327. Hill of Beans: Coming of Age in the Last Days of the Old South by John Snyder

Hill of Beans: Coming of Age in the Last Days of the Old South by John Snyder (US) - (Canada) - (Kindle)

Pages: 201
Ages: 18+
Finished: Nov. 29, 2012
First Published: Oct. 16, 2011
Publisher: Smith/Kerr Associates
Genre: memoir, history, 30s, 40s, 50s, Southern US, North Carolina, South Carolina, rural life
Rating: 4/5

First sentence: "The sun will soon be down."

Publisher's Summary: "This memoir of growing up in the Old South during the Depression evokes a time gone by. And while it is a loving memoir, it is populated by real people dealing with hard times, sometimes with cruelty, sometimes with violence–including a mysterious case of arson that forever changed John Snyder’s life.

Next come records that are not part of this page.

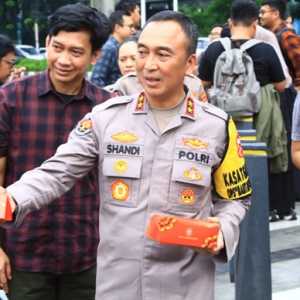 4 Jenderal Polri Bareng Polwan dan Wartawan Turun ke Jalan Bagikan Takjil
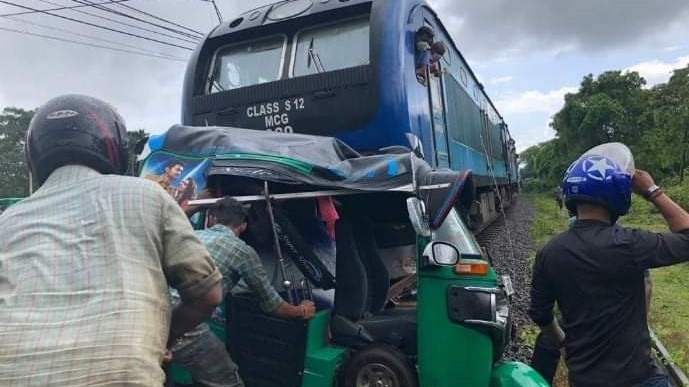 இன்று ஞாயிற்றுக் கிழமை (12.12.2021) நடைபெற்ற விபத்துக்கள் - கடவையுமில்லை - பாதுகாப்புமில்லை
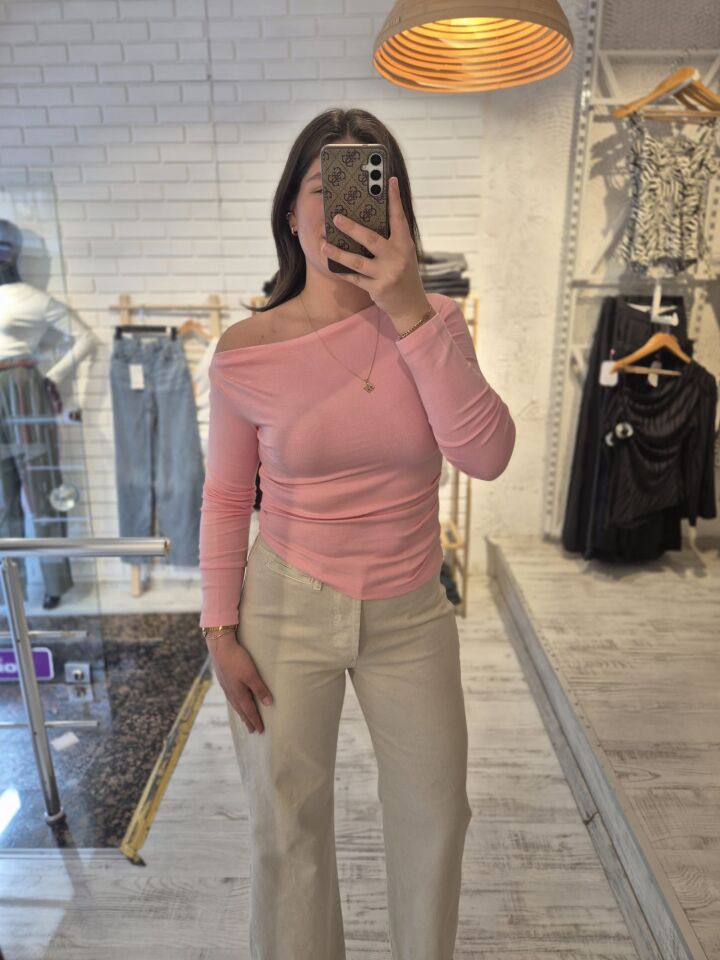 Pembe Yandan Büzgülü Bluz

Hill of Beans has been compared by publishing professionals to the seminal writers like William Faulkner, Flannery O’Connor and even Laura Ingalls Wilder.  The early comments of John Snyder’s remarkable, poignant account of growing up in Depression era South Carolina are in and they are glowing"
Acquired: Received a review copy from the author.

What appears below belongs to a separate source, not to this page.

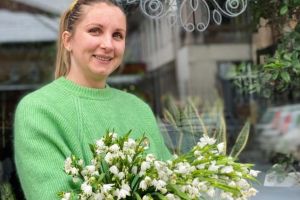 Ioana Tatu: „Florile m-au învăţat să fiu prezentă şi să văd frumuseţea lumii în care trăim”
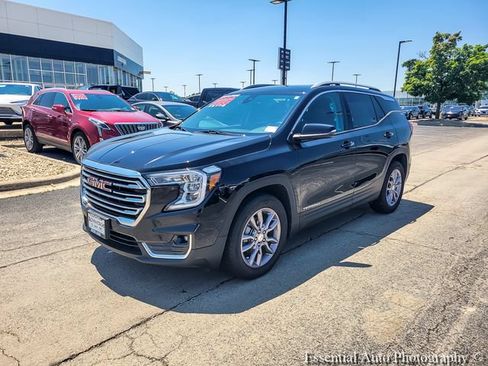 Certified 2023 GMC Terrain SLT w/ LPO, Floor Liner Package FWD image 8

Reason for Reading:  I really enjoy this type of memoir.  The story of ordinary people who lived ordinary-to-them lives, yet with the passing of time their story has become a history of a forgotten way of life.  I particularly like memoirs set between the wars and set in the Southern US.

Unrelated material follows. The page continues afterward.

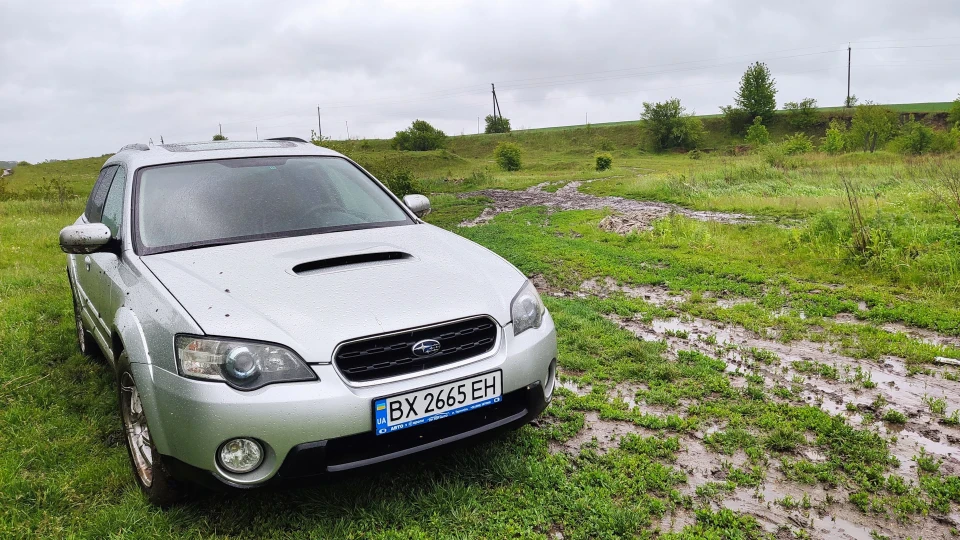 Subaru Outback Срібний СУБАРИК 2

An extremely charming and readable memoir which covers the author's life from his earliest remembrances until he leaves home for college at age 17.  The book is divided into three main parts which defined his life: The Mountains, The Town, The Farm.  These are the places he lived in South Carolina starting off fairly well-to-do for mountain folks, his father was a surveyor/architect and ending up just on the good side of struggling to get by as they worked a farm without any machinery almost up until the author left home for higher education.  Each part is simply written in vignettes with subheadings, each telling a small independent story, some are interrelated, others are one-offs but over all they have an over arching theme as they tell the story of the author's family's life from the 1930s to the 1950s and his heritage is told through stories related by the older members of the family.  This is an easy book to read and one that can easily be put down and picked up again as the "vignettes" are short.  However, this does make the book a slow read as one never picks up on a thread, there is no cohesive linear story.  Even though the story is told chronologically, there are points when this is abandoned as a tale creeps in out of order.

A fascinating read!  The story of a time when children worked in the home, in the fields, went out hunting and gathered food (berries, apples) when out playing.  A time when machines were being introduced to take the load off man's work but not everyone could afford to jump on the band wagon.  A time when most people still had outdoor toilet facilities.  This is also the last days of the old south where racism ran rampant, was a way of life for most folks and the author doesn't sugar-coat any of his family's prejudiced language and ideologies of the times.  Not everything is to be admired from the "good ol' days" but when the wheat has been separated from the chaff we are left with a nostalgic feeling for times that may have been harder on the body and labour intensive, yet were simpler in what was important: family, morals, honour, the value of hard work.  Snyder writes well and has an enjoyable narrative voice.  A good read!